* [Dataset records]:
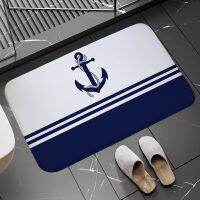 Chic Nautical Anchor Boat Navy Blue Stripes Doormat Bathroom AntiSlip Floor Mat Long Corridor Carpet Custom Rug For Kitchen Bath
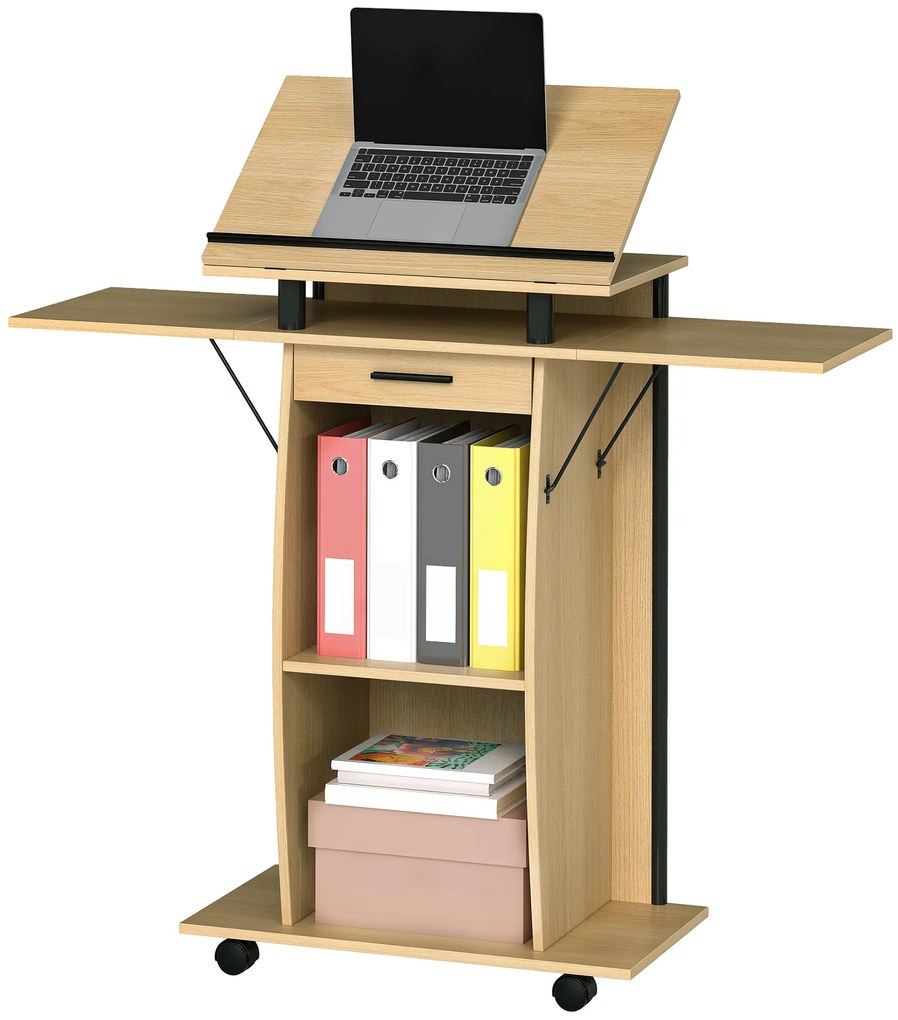 HOMCOM Suport de Podium cu Role, Pupitru cu Aripi Laterale Pliabile, Măsuță pentru Laptop cu Sertar și Rafturi, Stejar | Aosom Romania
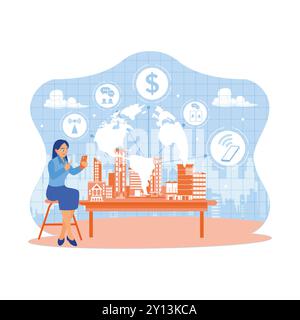 Woman sitting next to a miniature smart city. Using a smartphone with modern creative telecommunications and internet networks. Telecommunication and Stock Vector
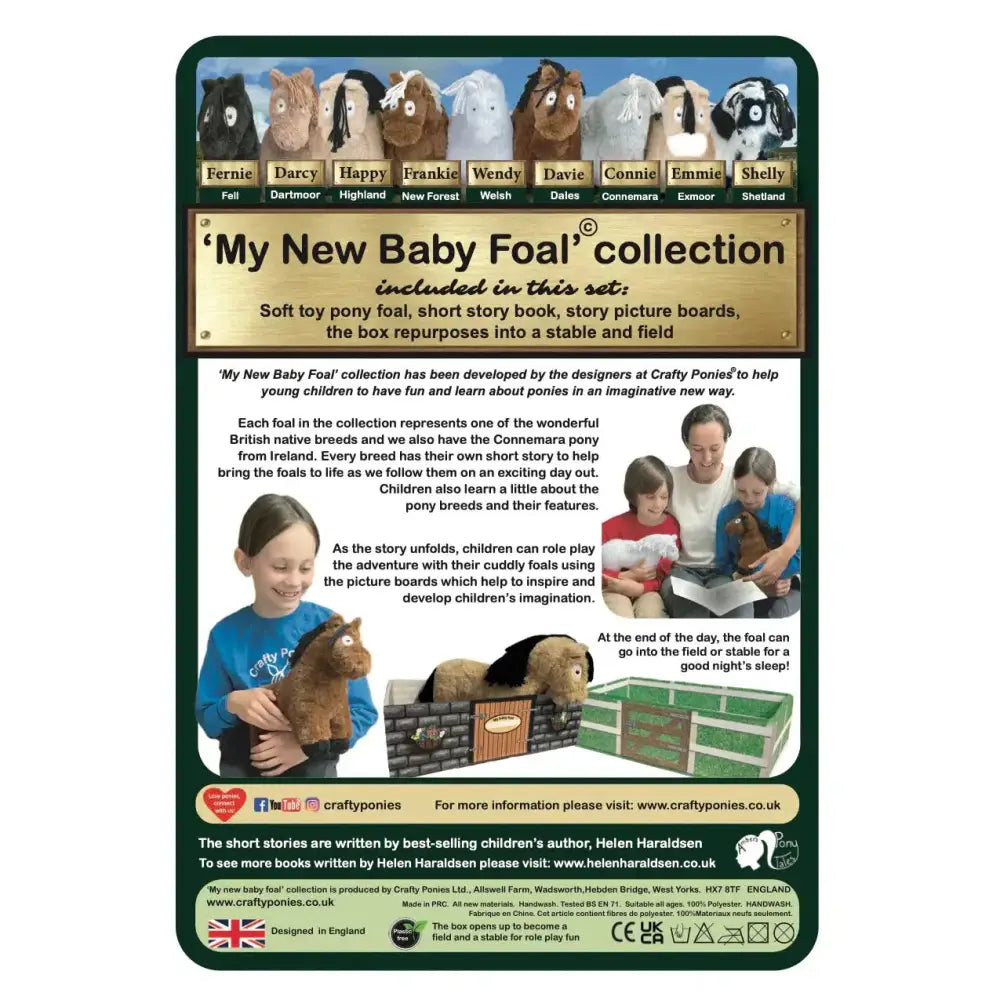 The crafty ponies emmie exmoor pony foal is a soft plush toy from the my new baby foal collection in natural colors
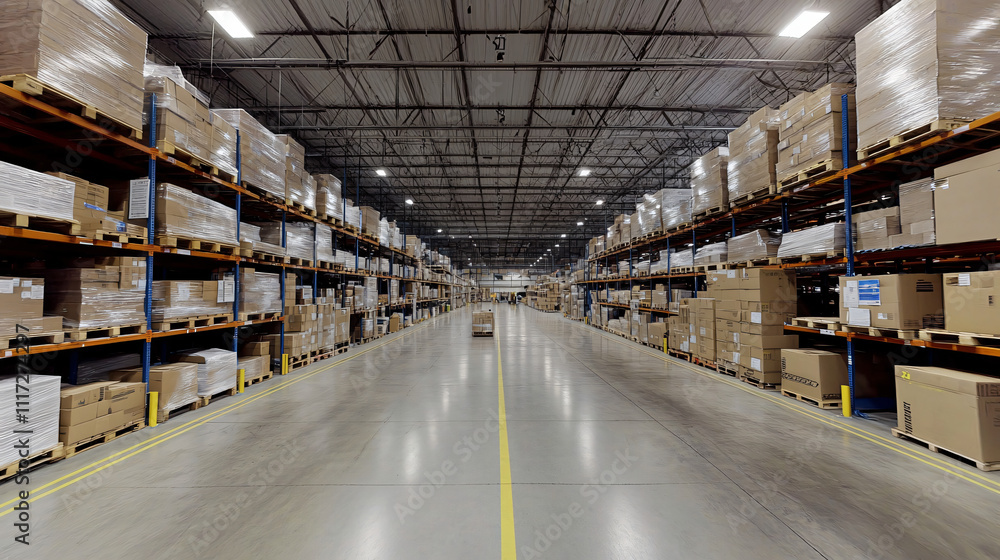 Fototapeta premium Augmented reality optimizing warehouse logistics operations.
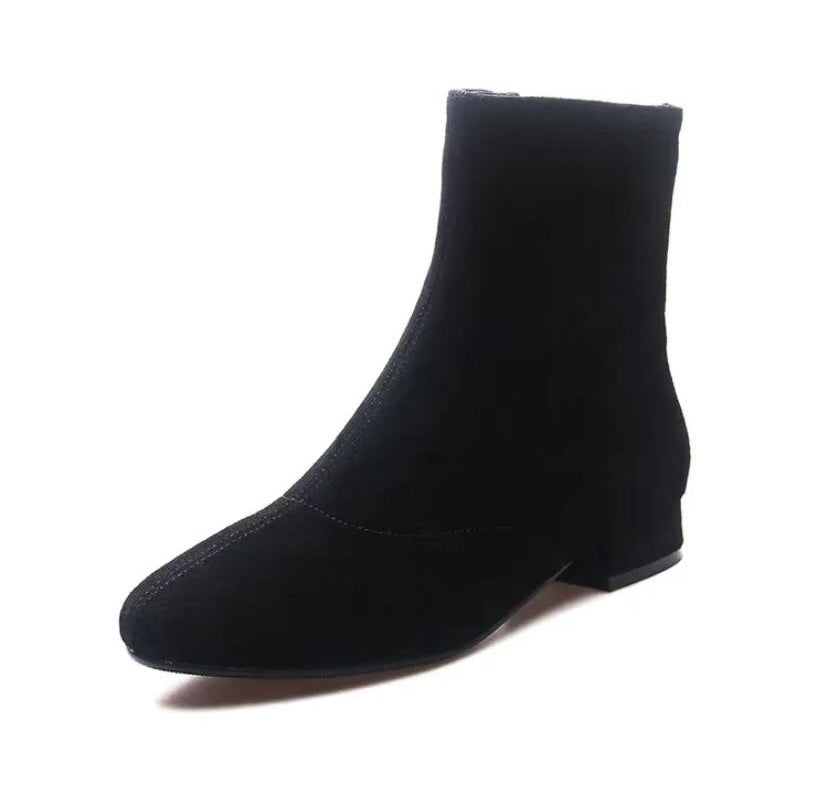 Women's Matte Authentic Sheepskin Flat Suede Black Women's Leather Boots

* [Instructions to follow]:
None of the pictures should appear, though every line of the data above must be reproduced exactly.

* [Exercise response]:
 Chic Nautical Anchor Boat Navy Blue Stripes Doormat Bathroom AntiSlip Floor Mat Long Corridor Carpet Custom Rug For Kitchen Bath
 HOMCOM Suport de Podium cu Role, Pupitru cu Aripi Laterale Pliabile, Măsuță pentru Laptop cu Sertar și Rafturi, Stejar | Aosom Romania
 Woman sitting next to a miniature smart city. Using a smartphone with modern creative telecommunications and internet networks. Telecommunication and Stock Vector
 The crafty ponies emmie exmoor pony foal is a soft plush toy from the my new baby foal collection in natural colors
 Fototapeta premium Augmented reality optimizing warehouse logistics operations.
 Women's Matte Authentic Sheepskin Flat Suede Black Women's Leather Boots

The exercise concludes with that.